午前中だったか夜の早い時間だったか、世間的には寝てる時間じゃなかったけど、熟睡してたんだよね。
深い沼から引き上げられるように目が覚めて、スマホに表示されてる発信者を見た。父だった。
父は91歳。けっこうな高齢者だ。
連絡は久しぶりで、これは無視できねーと電話に出た。連絡を取るのが一苦労で、こっちから簡単に連絡する手段がないからね。
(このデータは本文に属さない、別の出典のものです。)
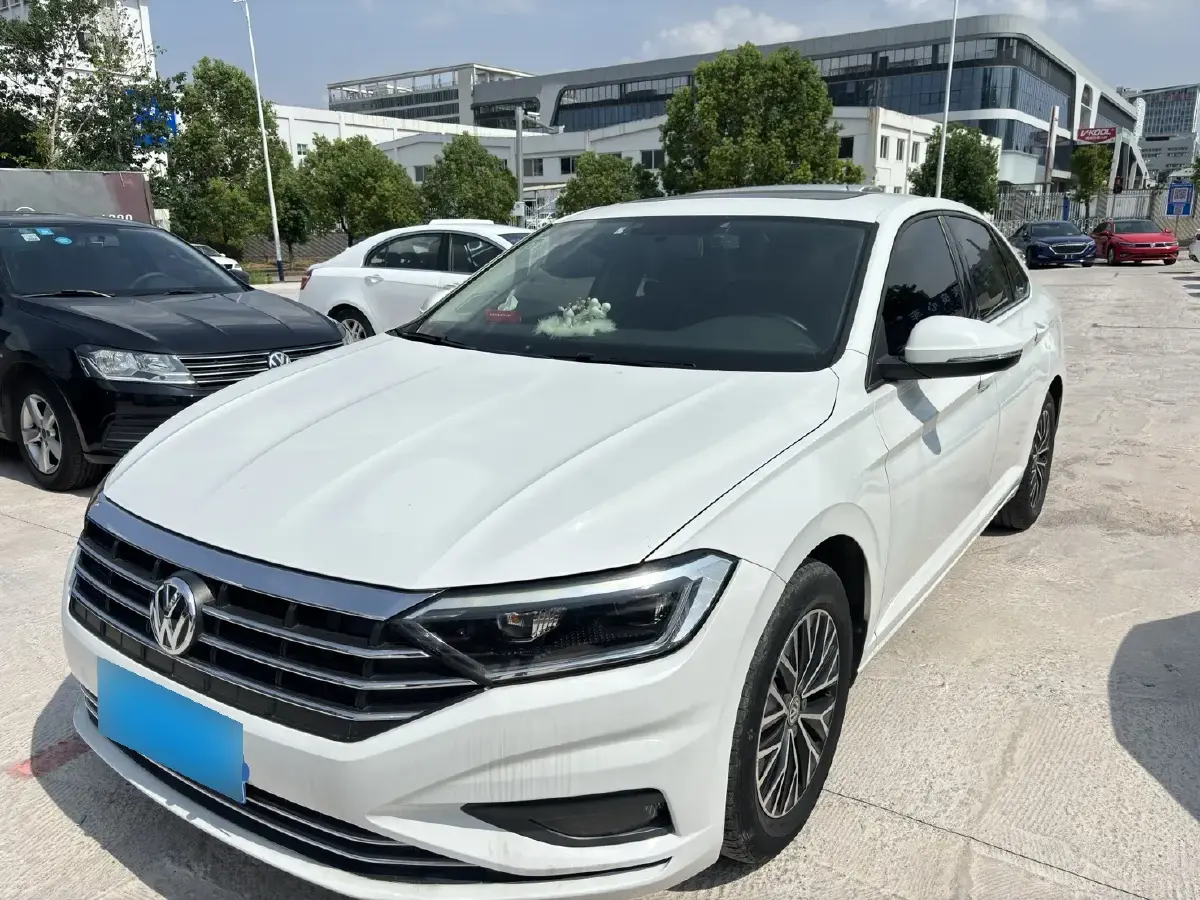2019 Volkswagen Sagitar 1.4T 150HP L4 7DCT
父の部屋の電話は故障してて、電話機じゃなくて回線の問題だと思う。NTTの人に連絡して修理してもらおうとしても、モジュラー(って言うの?)差し込み口の前に巨大な棚があって、その棚をどかさなきゃいけない。部屋中の平野にモノが置かれてるから、それが大変な作業になる。つまり固定電話機は使えない。
ガラケーも持ってるけど、いつも電源を切ってる。
そもそも、ほとんど耳が聞こえないから、むこうがしゃべるのは聞けるけど、こっちが言うことはほとんど聞き取ってもらえない。電話で話すのは難しい。
頭は大丈夫なので、メールなどで連絡したいけど、メールは返信し方がよくわからないから使いたがらない。というか、もうパソコンは死んでるんじゃないかね。電子的な手段は駄目。ラインなど存在も知らないと思う。
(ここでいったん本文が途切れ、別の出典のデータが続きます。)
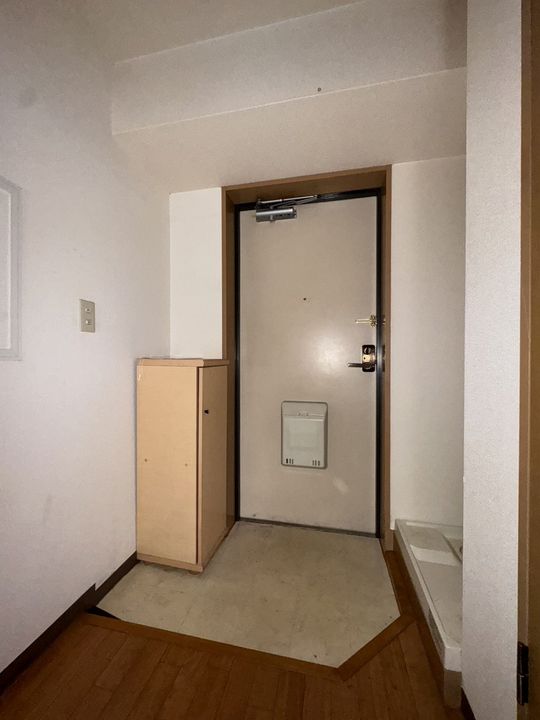 ラフィネ牛田本町102号室の玄関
ファックスを送れたらいいけど、固定電話機が使えないからそれも駄目。
高級老人ホームに住んでて、フロントがある。フロントあてにメールして、それをプリントアウトして渡してもらえると助かるけど、それは嫌がるんだよな。プライバシーに属することは見せたくないと。
業者というのは人間じゃなく機能なので、対人的な意識を持たずに使うべきだと思うんだけど、世代なのか個人なのかそういう考え方は無理。フロントと入居者の関係なんて動物園のゴリラと飼育係みたいなもんで、たがいに同じ生き物と思ってないはずなんだけど、まあ言ってもしゃーない。
というわけで、こちらから連絡を取る手段がない。フロントに電話して、息子まで電話してほしいと伝言するのが唯一の連絡手段だ。それすらも嫌がるけど。
頼みの綱は元妻だ。俺が離婚した元妻が月に一度くらい訪問してるんだよね。元妻は介護の専門家で、高齢者とヘルパーの関係になってる。